I find inspiration through connecting the alien to the deeply personal. Everyone finds their own ways to cope with trauma, mental health problems, and hard-to-process emotions. One of my coping mechanisms is to immerse myself in the strange and the unexplained (I’m especially influenced by unsolved mysteries). When I experience intense feelings (be it abuse flashbacks, grief, or crushing unrequited feelings), it best manifests in writing as a reflection of something bizarre with which I share no concrete connection. It reveals those feelings in a more novel way.

I also like looking for connections to the personal with nature and ritual; in particular, through tarot. I take a lot of inspiration from the imagery of the tarot (which more or less follow the tropes of the Hero’s Journey).

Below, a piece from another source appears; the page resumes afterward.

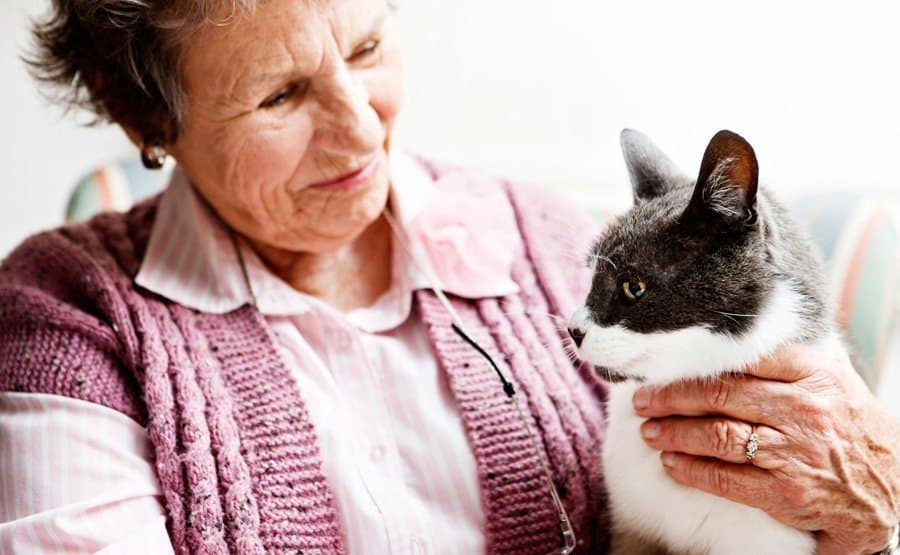 No Credit Card Required Biggest Dating Online Services For Women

Who are your favorite women writers?

My favorite writers include Anna Akhmatova, Nnedi Okorafor, Banana Yoshimoto, Roxane Gay, Sylvia Plath, Shirley Jackson, Han Kang, and Kim Yideum.

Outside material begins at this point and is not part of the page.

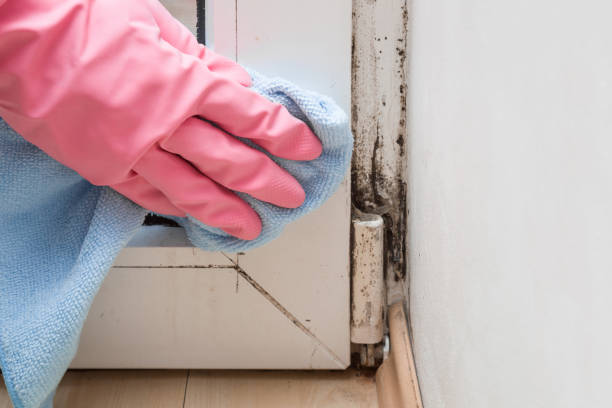 Mold Removal and Inspection in Carle Place, NY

I especially love and am influenced by women graphic novelists and manga-ka. Hagio Moto, Marjorie Liu, Rumiko Takahashi, and Riyoko Ikeda regularly inspire my poetry and writing with their engaging storytelling and beautiful art.

What does your writing process look like?

I write a little bit every day; I keep a daily poem journal on Google Docs so I can access it anywhere. I’d say maybe 10% of that writing goes into poems that I submit for publication. Most of the time it is incomprehensible rambles about my day, but sometimes there’s a gem of a line that I pull out and turn into something else.

I also write fiction, and am in the middle of developing a new routine of writing 3,000 words per week. That has been much more challenging and unpredictable.

What advice do you have for fellow women writers?

It’s normal to feel self-conscious about your work. Submit it to that lit mag you really like, anyway. As a creative writing workshop facilitator, I’ve worked with writers of many genders and the majority have shared similar levels of self-consciousness about their work. But I feel that women writers can be less likely to submit their work because of those feelings. I’ve certainly dealt with that block – it took me almost ten years to start submitting my poems and stories to magazines.

What are you currently working on?

Because I like to torture myself, I’m working on three separate projects. One is another short poetry collection, which I’m almost finished editing. I also have a short story collection. I’ve already submitted it to some presses that I love, but have recently considered expanding it from a chapbook to a full-length collection. The biggest goal I have the remainder of 2018 is completing the initial draft of my first novella, which combines my loves of sci-fi and unsolved mysteries.